++++ Records for this task ++++

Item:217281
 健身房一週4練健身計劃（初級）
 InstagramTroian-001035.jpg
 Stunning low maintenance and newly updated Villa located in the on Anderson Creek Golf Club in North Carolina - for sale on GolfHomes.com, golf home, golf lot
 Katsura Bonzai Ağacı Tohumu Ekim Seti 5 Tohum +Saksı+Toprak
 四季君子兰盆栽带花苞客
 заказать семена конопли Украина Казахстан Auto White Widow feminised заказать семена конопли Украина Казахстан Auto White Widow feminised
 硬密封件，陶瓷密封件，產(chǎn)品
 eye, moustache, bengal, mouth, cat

++++
++++ Records for this task ++++

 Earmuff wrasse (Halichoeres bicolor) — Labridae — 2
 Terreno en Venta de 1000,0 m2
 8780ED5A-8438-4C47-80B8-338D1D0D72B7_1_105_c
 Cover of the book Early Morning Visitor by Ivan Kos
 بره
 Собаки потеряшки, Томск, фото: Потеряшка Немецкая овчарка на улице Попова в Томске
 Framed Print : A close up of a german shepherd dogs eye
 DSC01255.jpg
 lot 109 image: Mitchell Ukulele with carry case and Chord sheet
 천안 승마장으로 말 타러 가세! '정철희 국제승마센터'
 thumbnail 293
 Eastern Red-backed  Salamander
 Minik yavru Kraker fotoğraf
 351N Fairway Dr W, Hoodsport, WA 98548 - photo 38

++++
++++ Records for this task ++++

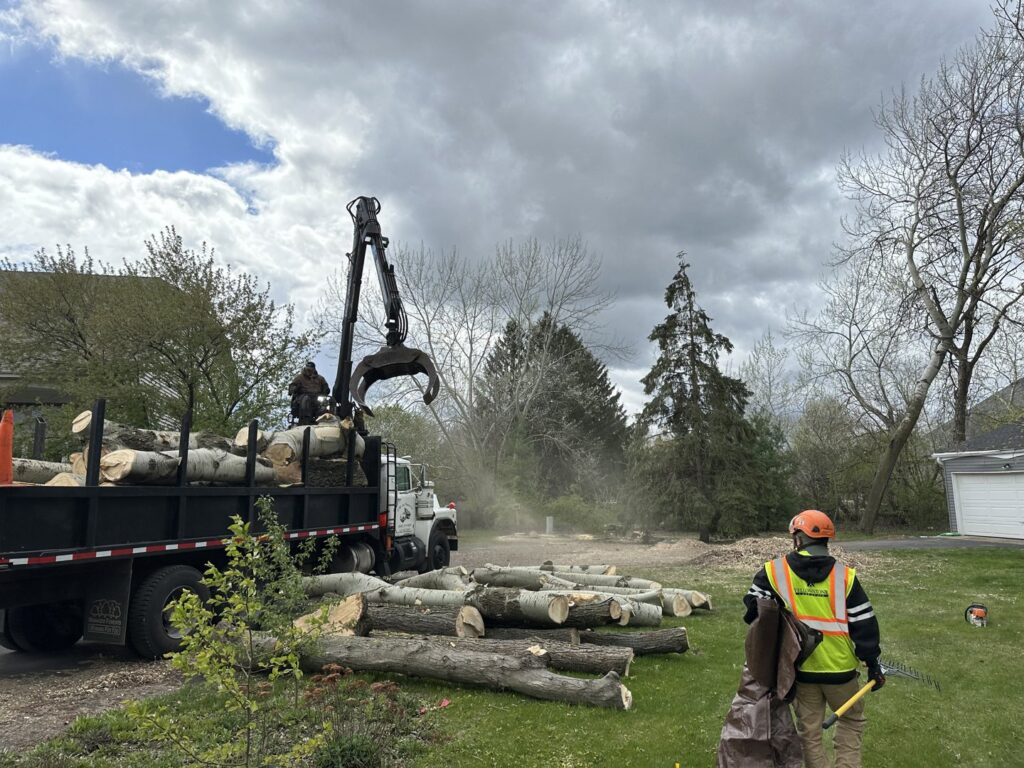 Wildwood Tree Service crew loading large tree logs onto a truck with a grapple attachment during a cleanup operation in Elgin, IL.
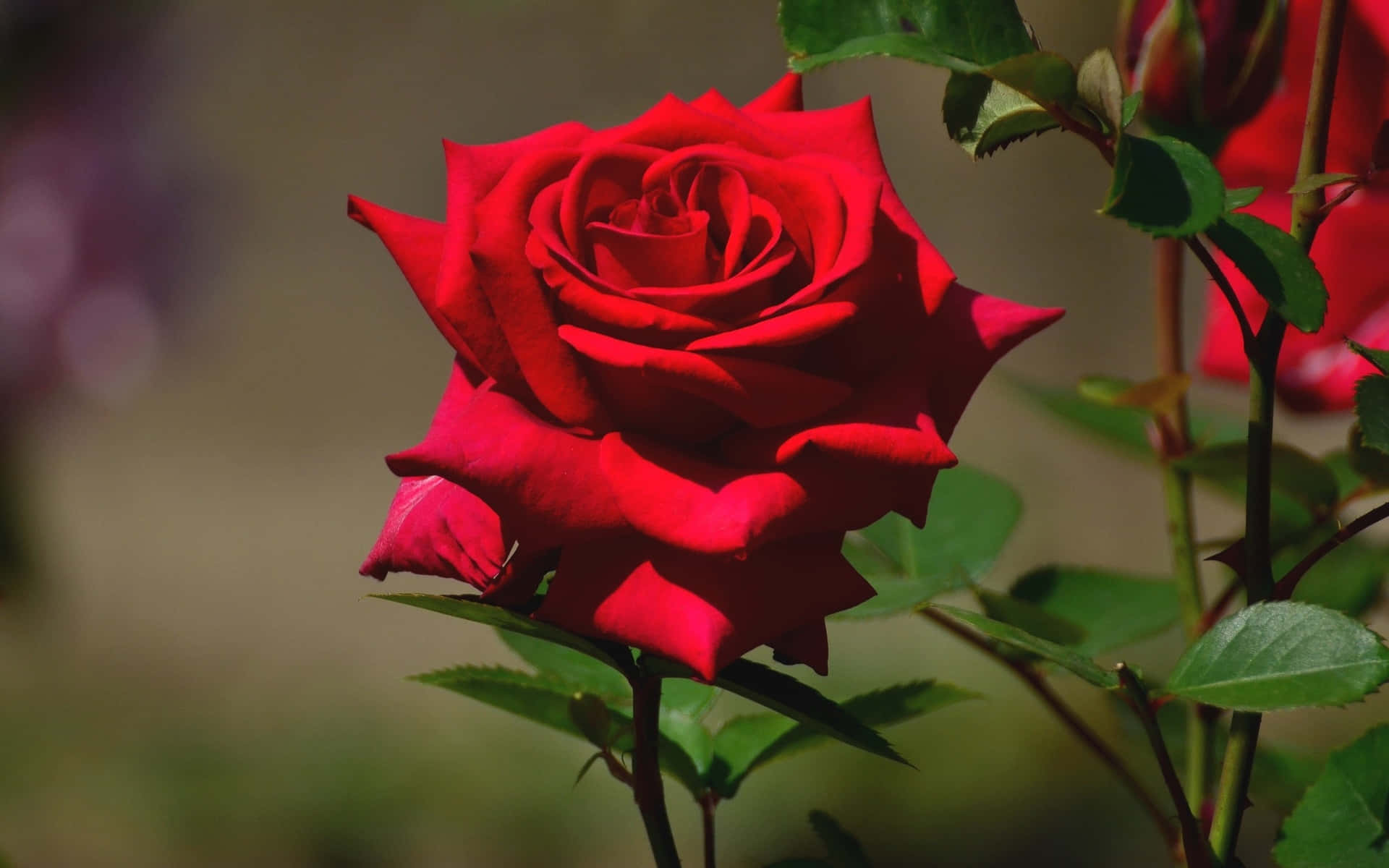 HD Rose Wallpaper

++++

Starting with the line with "Framed Print : A" above and going on through the line with "351N Fairway Dr", transcribe every line exactly, both ends included, and add nothing.

§ Your solution:
 Framed Print : A close up of a german shepherd dogs eye
 DSC01255.jpg
 lot 109 image: Mitchell Ukulele with carry case and Chord sheet
 천안 승마장으로 말 타러 가세! '정철희 국제승마센터'
 thumbnail 293
 Eastern Red-backed  Salamander
 Minik yavru Kraker fotoğraf
 351N Fairway Dr W, Hoodsport, WA 98548 - photo 38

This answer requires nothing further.